Text summarization is one of the most important NLP applications. This is a very difficult tasks that poses several challenges such as identifying the important content and generate a summary.

In this notebook, we will fine-tune the pre-trained T5 for the task of text summarization. T5 has a encoder-decoder architecture. We will use the XSum dataset from Hugging Face Datasets.

**The model will be fine-tuned tensorflow framework**.

In [19]:
!pip install transformers datasets rouge-score keras_nlp

Looking in indexes: https://pypi.org/simple, https://us-python.pkg.dev/colab-wheels/public/simple/


To ignore warning, please run the following cell:

In [20]:
import transformers
print(transformers.__version__)

4.24.0


If you want that warnings are not printed, please run this cell:

In [21]:
import os
os.environ['TRANSFORMERS_NO_ADVISORY_WARNINGS'] = 'true'

## Data
we use the dataset xsum that consists of 226,711 news BBC articles accompanied with a one-sentence summary. The articles covers a wide variety of domains (e.g., News, Politics, Sports, Weather, Business, Technology, Science, Health, Family, Education, Entertainment and Arts). 

The official random split contains 204,045 (90%), 11,332 (5%) and 11,334 (5) documents in training, validation and test sets, respectively.

As the dataset is very large, we will use a smaller sample to run this notebook during the class:

In [22]:
from datasets import load_dataset

REDUCE_DATA = True

if REDUCE_DATA:
    # we only load a smaller sample of the dataset for training a summarizer during this class 
    dataset = load_dataset("xsum", split='train[:1%]').shuffle(seed=42)

    # As we only got a smaller sample from the traing split, we need to create the splits
    dataset = dataset.train_test_split(test_size=0.2, shuffle=False)

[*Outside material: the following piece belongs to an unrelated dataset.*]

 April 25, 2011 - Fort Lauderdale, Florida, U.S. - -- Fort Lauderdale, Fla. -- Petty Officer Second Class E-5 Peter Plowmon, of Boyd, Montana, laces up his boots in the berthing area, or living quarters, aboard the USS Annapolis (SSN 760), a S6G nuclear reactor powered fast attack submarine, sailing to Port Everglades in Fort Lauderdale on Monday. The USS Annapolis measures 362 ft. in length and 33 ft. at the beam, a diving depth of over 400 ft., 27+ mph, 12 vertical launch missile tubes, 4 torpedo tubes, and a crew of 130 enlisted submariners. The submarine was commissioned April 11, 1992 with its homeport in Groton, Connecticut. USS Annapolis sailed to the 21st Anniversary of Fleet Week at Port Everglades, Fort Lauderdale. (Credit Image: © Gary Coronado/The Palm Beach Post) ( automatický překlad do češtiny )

    SIZE_TEST= 10   #number of examples for test
    dataset["validation"] = dataset["test"].select(range(SIZE_TEST,dataset["test"].num_rows))
    # we only get SIZE_TEST for test
    dataset["test"] = dataset["test"].select(range(SIZE_TEST))
else:
    # this loads the full dataset; in this case, we don't have to create the splits, because it already contains them. 
    dataset = load_dataset("xsum")

dataset



DatasetDict({
    train: Dataset({
        features: ['document', 'summary', 'id'],
        num_rows: 1632
    })
    test: Dataset({
        features: ['document', 'summary', 'id'],
        num_rows: 10
    })
    validation: Dataset({
        features: ['document', 'summary', 'id'],
        num_rows: 398
    })
})

We show some instances. We should always obtain the same ids if we set the seed to 42

In [23]:
print(dataset['train'][0]['id'])  #36884862     (if the dataset was reduced)
print(dataset['validation'][0]['id']) #27929646 (if the dataset was reduced)
print(dataset['test'][0]['id']) # 34493630 (if the dataset was reduced)


36884862
36219003
34493630


### Tokenization

In [24]:
PREFIX='summarize: '
MAX_INPUT_LENGTH = 1043  #  Maximum length of the input to the model. Use 1024 when Transformers v5.
MAX_TARGET_LENGTH = 128  # Maximum length of the output by the model

In [25]:
from transformers import AutoTokenizer

model_name = 't5-small'
# we must instanciate the tokenizer using model_max_length to increase the maximu length of the model from 512 to 
tokenizer = AutoTokenizer.from_pretrained(model_name, model_max_length=MAX_INPUT_LENGTH)
# print(tokenizer.model_max_length)

def tokenize(examples):
    """For each example in the dataset examples, the function will tokenize the input document 
    but also the expected output, that is, its summary. This will be saved into a new field of the dataset with 
    the name 'labels'. We only need to save the input_ids of the summary."""
    inputs = [PREFIX + doc for doc in examples["document"]]
    model_inputs = tokenizer(inputs, max_length=MAX_INPUT_LENGTH, truncation=True)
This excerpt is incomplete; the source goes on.